Duwan the Elder looked into her face, embraced her. Pushed her back to look at her again. "I never thought to see either of you—how—"

"There will be time for that, for there is much to tell," Duwan said. "Are there other enemy units in the west?"

"Not within scouting distance," Duwan the Elder said.

"How many more warriors do you have?" Duwan asked. His father smiled grimly. "You are looking at our entire force, alive and dead."

Females and young had begun to search the battlefield, coming away with swords carried like firewood in their arms.

"Your mother will be happy to see you, my son," Duwan the Elder said.

"And I her," Duwan said. He was watching as the wounded were being treated. Here and there a Drinker or two knelt beside a warrior too severely injured to be moved, waiting for the end.

Duwan the Elder turned to his leaders, who had formed behind him and were gazing at Duwan in wonder. "Form them up." he ordered, "and we will move toward home."
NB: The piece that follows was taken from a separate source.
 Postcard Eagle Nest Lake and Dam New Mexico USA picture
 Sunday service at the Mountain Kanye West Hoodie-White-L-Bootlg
But the march was delayed by the arrival of a panting scout. "Leader," he shouted from a distance, "there come ones with whom you will wish to speak."

There were five of them, escorted by another scout. Their bellies were bloated and distended in the manner of those who were eating their fill for the first time in their lives.
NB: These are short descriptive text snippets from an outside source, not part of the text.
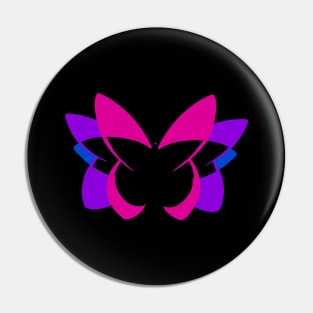 Bisexual Butterfly Pin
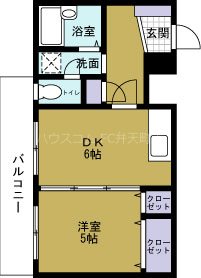 シャトー波除の間取り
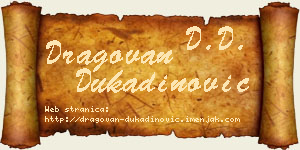 Dragovan Dukadinović vizit kartica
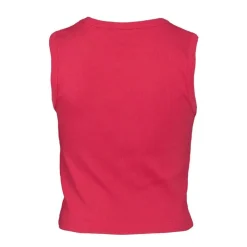 GUESS Débardeur cotelé juicy pink logo brodé Enfant ROSE Hot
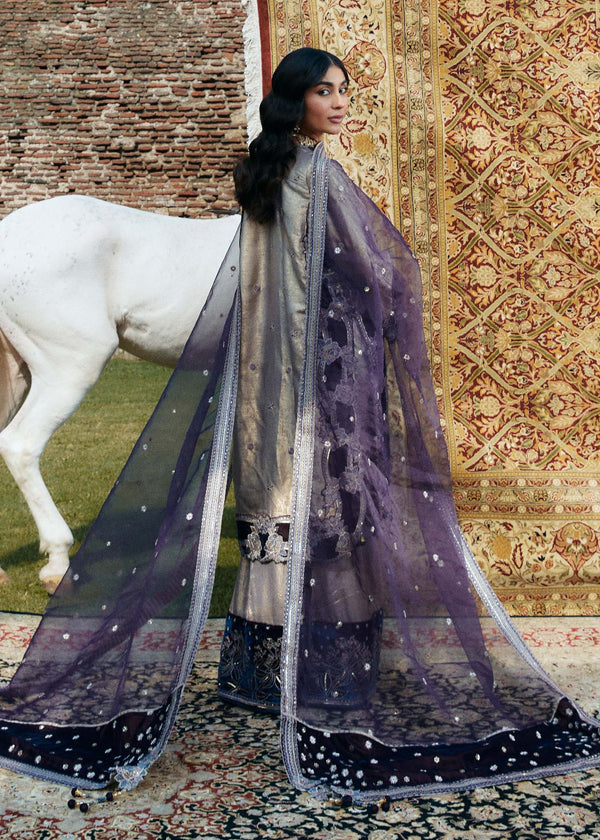 Laj | Hath Kahani Luxury Formals 24 | ZAHA S Gray Velvet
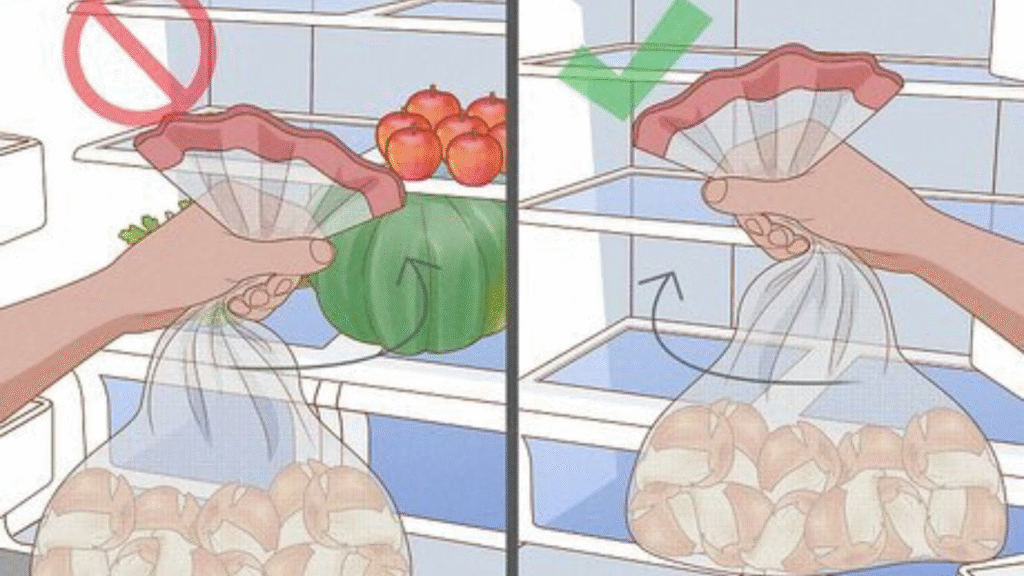 “Tulip bulbs chilling in a refrigerator for proper spring blooming”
"And who are these?" Duwan asked, as the ragged group came toward the leaders, looking to the left and right in some fear at the sight of so many dead.
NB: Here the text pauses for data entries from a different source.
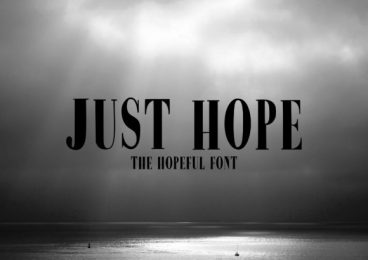 Just Hope Font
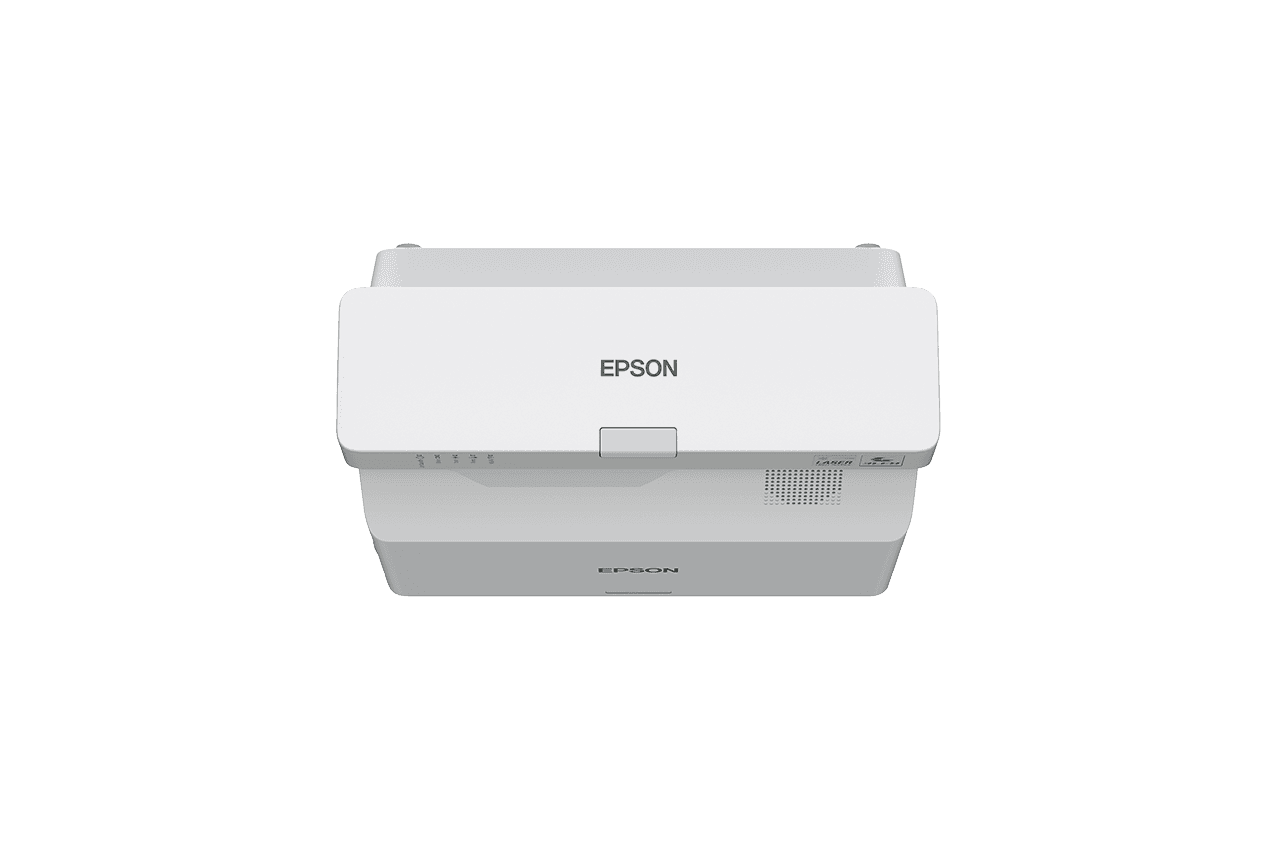 EPSON Proiector Laser EB-760W, Tehnologie 3LCD, Display LCD 0.59", 4100 Lumeni, Rezolutie: WXGA HD ready, Rata aspect: 16:10, Contrast: 2.500.000 : 1, Sursa lumina: Laser, Durata de viata sursa lumina: 20.000h, 30.000h mod ECO, Refresh rate: 100 Hz - 120 Hz, Dimensiune proiectare: 60"-150" — miniatură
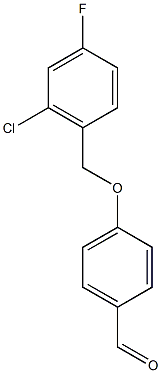 4-[(2-chloro-4-fluorophenyl)methoxy]benzaldehyde Struktur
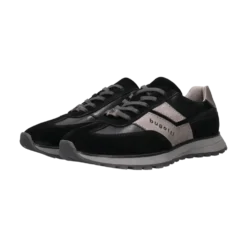 Leder Sneaker hellgrau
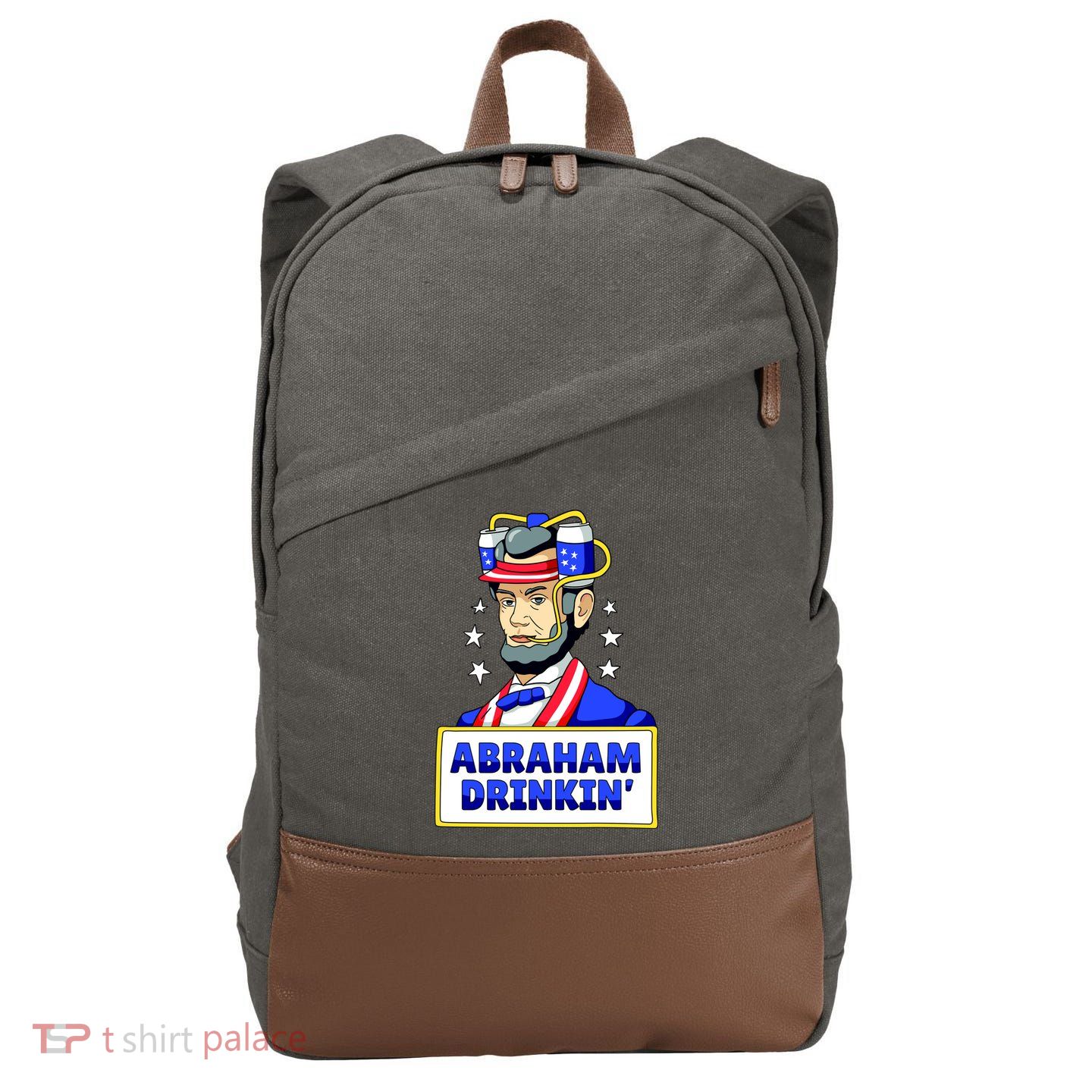 Abraham Drinkin Cotton Canvas Backpack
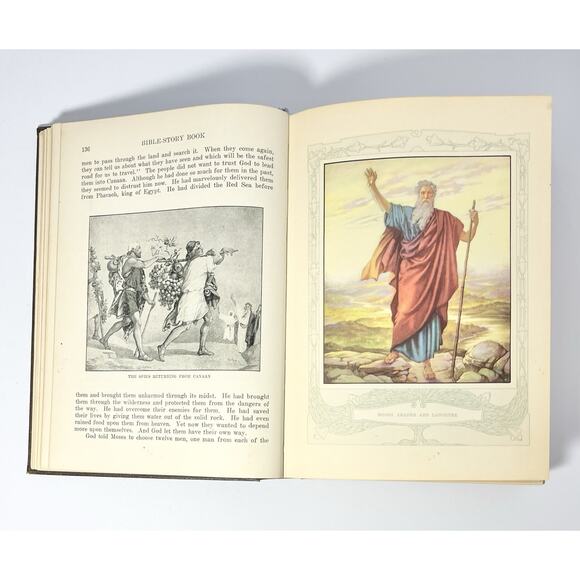 1934 Elise E. Egermeier “Bible Story Book” Hardcover Illustrated - Picture 13 of 13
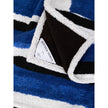 Blue Cotton Beach TowelBottega Veneta Striped Beach Towel. Blue, black and white stripes with contrasting printed logo. Size in cm: 190 x 166 Composition: 100% Cotton Internal SKU: 25GIU104 Brand SKU: 730014V2PQ04055Blue Cotton Beach Towel${tagsBottega Ve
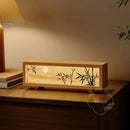 GobekUsa Chinese Wind Lamp Tabletop Painting Creative Night Light Bedroom Decor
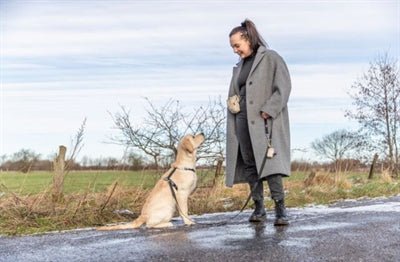 Trixie Snack-Tasche Velours – für Hundetraining und Spaziergänge - LUIS & LEON
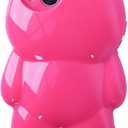 Funny Phone Case Compatible with iPhone 14 Pro Case, Cute 3D Clear Rose Red Bear Case, Shockproof Kpop Cartoon Bear Phone Case for Women Girls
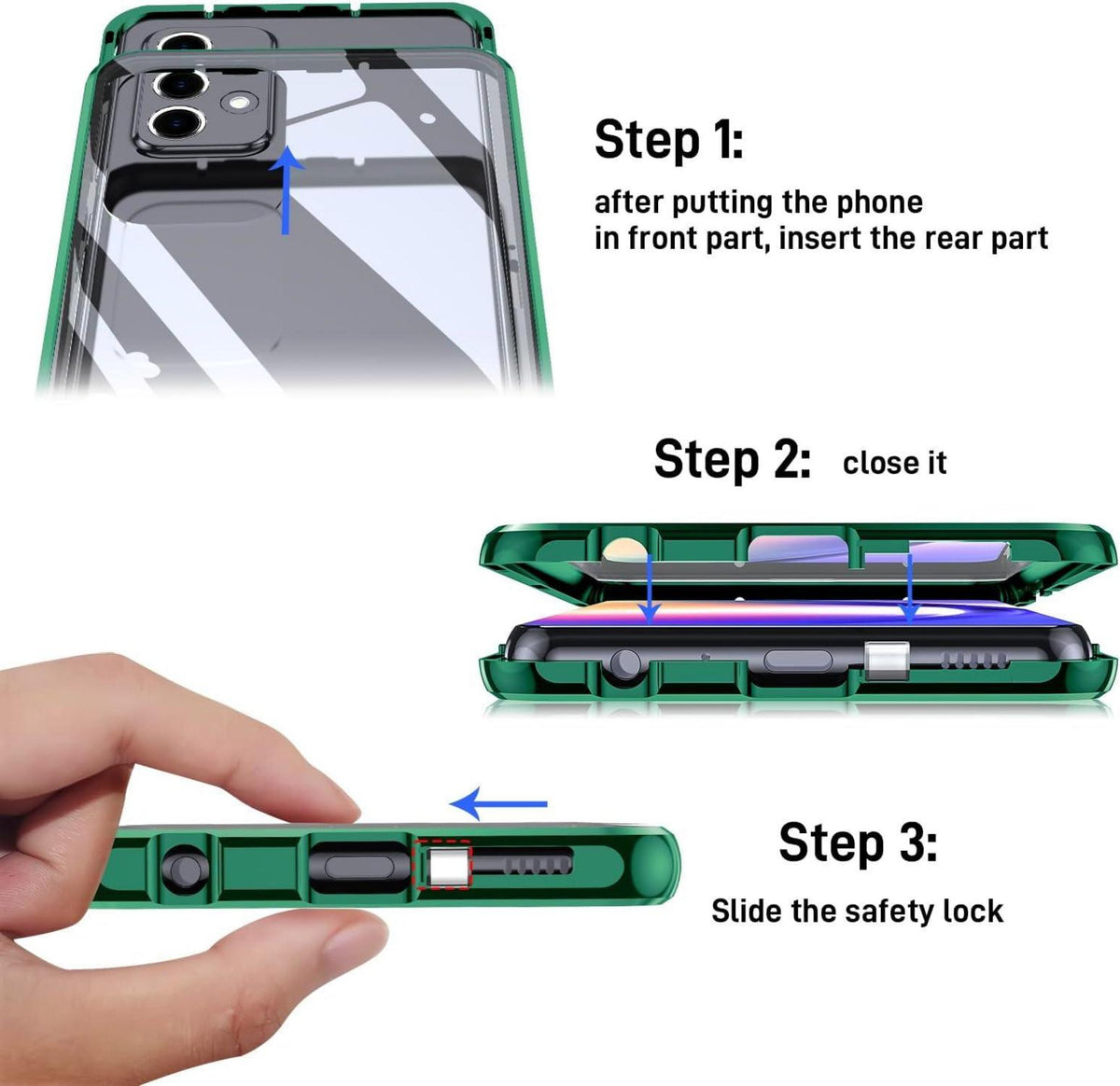 Samsung Galaxy A53 5G Hülle Magnetische Adsorption 360 Grad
"We are from Kooh, Master," said a male, bowing.

"Good," Duwan the Elder said. "I will detail some to march with you and show you the way, since you will have difficulty keeping our pace."

"Master," the male said, bowing ever lower. "There are others behind us."

"Excellent," Duwan the Elder said. "I will leave some to guide them, too." He turned to pick out a warrior or two to leave behind. As an afterthought he asked, "How many are coming?"

The swollen-bellied male bowed again. "There are too many to count, master, as many as the leaves of the trees."

Duwan, who had been staring moodily at the Drinker dead, jerked his head around. "What did you say?"

"Master, they were killing us by the dozens, by the hundreds. Every day they were killing us, and when we finally began to believe the words of the wise priest of Tseeb, we rose. We slew our masters, or at least many of them, and we left behind us a burning city."

"Du!" Duwan breathed. Tambol had once estimated for him that there were over twenty thousand slaves in the city of Kooh. He turned his burning orange eyes on his father. "There is our army," he said. "Now if they will only give us time."

"We will make the time," Duwan the Elder said.

The momentous news filled Duwan's head, almost making him forget something that had been on his mind. He did not hear his father, at first, when Duwan the Elder made a suggestion. When it was repeated:

"Duwan, I will stay with the rest to escort the hordes to our valley. Go ahead, with your mate, to greet your mother."

"Yes," Duwan said. Then he remembered. "It has been said that the Devourers have a method of recording on lasting material the spoken word. Is that true?"

A former pong nodded. "That is true, Master. It is the priestly writing. They use a colored fluid to make marks on material pressed into thin sheets from the pulp of a certain plant. I have seen this writing."

"Do you practice it?" Duwan asked.

"No, Master. That is for priests and certain temple pongs who are trained in this magic."

"Find me, among those who are coming from Kooh, one who can both record words and recite them back," Duwan said. "Bring him to me as quickly as possible."

"It will be done," the pong said.

Chapter Nine

This is the word of Duwan the Drinker, who was dead but now lives, son of Duwan and Sema, Drinkers of the Valley, led into the homeland of my fathers by the wisdom and grace of Du there to be captured and peeled by the enemy and to be returned to the earth in a spirit of irony by the High Mistress of Devourers, Elnice of Arutan.